# [Exercise goal]
In the records below, find the line with "Phineas and Ferb: Across" and the line with "Advancing Smart Cities cover"; return exactly those lines and every line between them.
┌──
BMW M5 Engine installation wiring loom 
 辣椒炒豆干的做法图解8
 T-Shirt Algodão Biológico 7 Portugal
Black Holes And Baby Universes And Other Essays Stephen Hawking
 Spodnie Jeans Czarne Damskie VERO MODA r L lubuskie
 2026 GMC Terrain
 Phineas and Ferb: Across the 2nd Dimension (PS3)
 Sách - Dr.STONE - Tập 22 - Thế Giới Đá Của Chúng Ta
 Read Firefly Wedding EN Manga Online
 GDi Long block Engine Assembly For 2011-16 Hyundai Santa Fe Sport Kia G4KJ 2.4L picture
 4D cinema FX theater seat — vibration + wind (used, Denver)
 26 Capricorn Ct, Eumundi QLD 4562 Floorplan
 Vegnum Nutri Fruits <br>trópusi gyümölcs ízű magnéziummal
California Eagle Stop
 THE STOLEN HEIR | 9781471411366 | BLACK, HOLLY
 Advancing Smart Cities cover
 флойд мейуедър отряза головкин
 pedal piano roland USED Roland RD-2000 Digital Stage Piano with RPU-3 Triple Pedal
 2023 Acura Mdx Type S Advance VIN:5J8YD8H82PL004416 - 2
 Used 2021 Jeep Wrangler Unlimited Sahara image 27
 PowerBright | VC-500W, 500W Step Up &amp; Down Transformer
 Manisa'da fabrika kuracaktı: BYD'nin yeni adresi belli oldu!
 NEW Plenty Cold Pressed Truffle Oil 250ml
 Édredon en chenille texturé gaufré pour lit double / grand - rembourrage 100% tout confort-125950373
└──
# [Written solution]
 Phineas and Ferb: Across the 2nd Dimension (PS3)
 Sách - Dr.STONE - Tập 22 - Thế Giới Đá Của Chúng Ta
 Read Firefly Wedding EN Manga Online
 GDi Long block Engine Assembly For 2011-16 Hyundai Santa Fe Sport Kia G4KJ 2.4L picture
 4D cinema FX theater seat — vibration + wind (used, Denver)
 26 Capricorn Ct, Eumundi QLD 4562 Floorplan
 Vegnum Nutri Fruits <br>trópusi gyümölcs ízű magnéziummal
California Eagle Stop
 THE STOLEN HEIR | 9781471411366 | BLACK, HOLLY
 Advancing Smart Cities cover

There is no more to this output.